(Charlotte) Mercredi matin, devant sa maison du Paces Oaks Boulevard, dans la banlieue de Charlotte, Martha, Afro-Américaine dans la cinquantaine, n’en revient pas : «C’est elle qui devrait être présidente !». Elle, c’est Michelle Obama, 48 ans, qui a tenu mardi soir en ouverture de la convention démocrate l’un des discours les plus puissants qu’une First Lady ait jamais prononcé. Dans une ferveur que les démocrates n’avaient plus connue depuis 2008, les délégués ont même osé scander un slogan qui paraissait à tout jamais éculé: «Yes We Can» pour appuyer la narration de Michelle Obama.

A priori, l’épouse du président américain avait la même mission qu’Ann Romney, mariée depuis 43 ans à Mitt Romney, candidat républicain à la Maison-Blanche. Dans leur allocution devant les délégués républicains de Tampa et démocrates de Charlotte, il fallait montrer que leur mari respectif n’est pas le froid homo politicus qui tente de se connecter avec une Amérique profonde de plus en plus remontée contre la classe politique de Washington. Toutes deux ont réussi à révéler une facette plus empathique de leur conjoint. Mais là s’arrêtent sans doute les similitudes.

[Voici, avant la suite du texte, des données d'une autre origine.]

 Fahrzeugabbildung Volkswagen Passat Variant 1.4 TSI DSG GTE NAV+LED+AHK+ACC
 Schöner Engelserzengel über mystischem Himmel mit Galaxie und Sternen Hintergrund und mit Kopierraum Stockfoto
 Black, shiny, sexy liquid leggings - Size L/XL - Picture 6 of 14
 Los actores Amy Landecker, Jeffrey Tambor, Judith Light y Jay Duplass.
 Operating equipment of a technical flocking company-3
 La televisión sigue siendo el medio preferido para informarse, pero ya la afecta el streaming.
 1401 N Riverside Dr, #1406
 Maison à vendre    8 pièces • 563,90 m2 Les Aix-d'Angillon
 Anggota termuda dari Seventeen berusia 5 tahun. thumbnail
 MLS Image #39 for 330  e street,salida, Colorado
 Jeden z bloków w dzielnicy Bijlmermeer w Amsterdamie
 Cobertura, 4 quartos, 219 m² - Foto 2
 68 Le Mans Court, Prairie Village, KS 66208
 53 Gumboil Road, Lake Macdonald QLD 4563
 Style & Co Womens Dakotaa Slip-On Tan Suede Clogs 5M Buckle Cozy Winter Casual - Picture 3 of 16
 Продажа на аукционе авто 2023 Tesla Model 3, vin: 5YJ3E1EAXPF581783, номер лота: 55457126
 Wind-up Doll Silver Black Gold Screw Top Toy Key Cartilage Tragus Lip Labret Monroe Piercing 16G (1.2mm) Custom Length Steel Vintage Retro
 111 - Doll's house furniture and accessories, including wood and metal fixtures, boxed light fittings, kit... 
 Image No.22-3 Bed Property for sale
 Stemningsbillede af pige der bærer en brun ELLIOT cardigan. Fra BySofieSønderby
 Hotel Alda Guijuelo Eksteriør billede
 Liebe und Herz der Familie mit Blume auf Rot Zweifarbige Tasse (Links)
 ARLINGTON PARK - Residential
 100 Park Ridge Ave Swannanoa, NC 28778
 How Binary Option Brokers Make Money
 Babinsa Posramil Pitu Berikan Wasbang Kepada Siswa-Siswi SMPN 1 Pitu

Dans les faits, l’articulation des deux discours fut très différente. Le verbe acéré et empreint d’une forte intensité dramatique, Michelle Obama a tenu des propos qui traduisaient une conviction personnelle issue de son parcours de vie. Elle a parlé de son père, malade, qui a tout fait pour payer des études universitaires à sa fille, de la mère de Barack qui a dû élever son fils seule. Elle a décrit ce qu’était la vraie nature du rêve américain malmené par la crise économique et l’explosion des inégalités. «Le succès ne se mesure pas à la quantité d’argent que vous gagnez, mais à l’impact que vous avez sur la vie des gens», a-t-elle déclaré.

Si aujourd’hui les Obama sont millionnaire et ont le privilège de résider à la Maison-Blanche, c’est parce que le premier président noir des Etats-Unis a dû lutter pour y arriver. L’action que mène Barack Obama n’est pas «politique, elle est personnelle », insiste la First Lady. A Tampa, hormis son combat acharné contre la sclérose en plaques qui a révélé sa grande combattivité, Ann Romney n’a pas évoqué un passé de lutte pour illustrer le succès de son mari à la tête de Bain Capital, la société de capital-investissement. A leur manière, les deux dames ont incarné le choix radicalement différent auquel sont confrontés les Américains dans les élections de novembre. Cela s’est matérialisé jusque dans la robe que chacune portait. La première était habillée par la styliste afro-américaine de New York Tracy Reese dont les robes comme celle que portait la First Lady s’achètent entre 400 et 450 dollars, un prix abordable pour la classe moyenne. Ann Romney était habillée par le styliste dominicain Oscar de la Renta dont la robe valait 1200 dollars.

Sans prononcer une seule fois le nom de Mitt Romney, Michelle Obama a délivré un message beaucoup plus politique qu’il n’y paraît. Raconter l’histoire familiale, c’était un moyen de mieux souligner la nécessité de garantir ce pour quoi Martin Luther King se battait : la justice sociale. Ann Romney n’a pas l’expérience, ni l’assurance de la First Lady. Plus discrète et réservée, elle est restée dans le registre des émotions pour humaniser le profil de Mitt Romney.

Michelle Obama et Ann Romney ont toutes deux dynamisé le vote des femmes, qui sera crucial lors de la présidentielle du 6 novembre. La première a embrasé la Times Warner Cable Arena de Charlotte en martelant que les femmes devaient être libres de décider d’elles-mêmes ce qu’elles font de leur corps, notamment en matière d’avortement. La seconde a réussi à faire bondir les intentions de vote des femmes républicaines en faveur de Mitt Romney.

Michelle Obama n’en a pas moins marqué le début de la convention: même l’acerbe Karl Rove, ex-stratège de George W. Bush, a dû admettre sur Fox News que la First Lady avait délivré une «très bonne prestation». Le chroniqueur conservateur David Brooks est allé plus loin. C’était un coup de « génie ».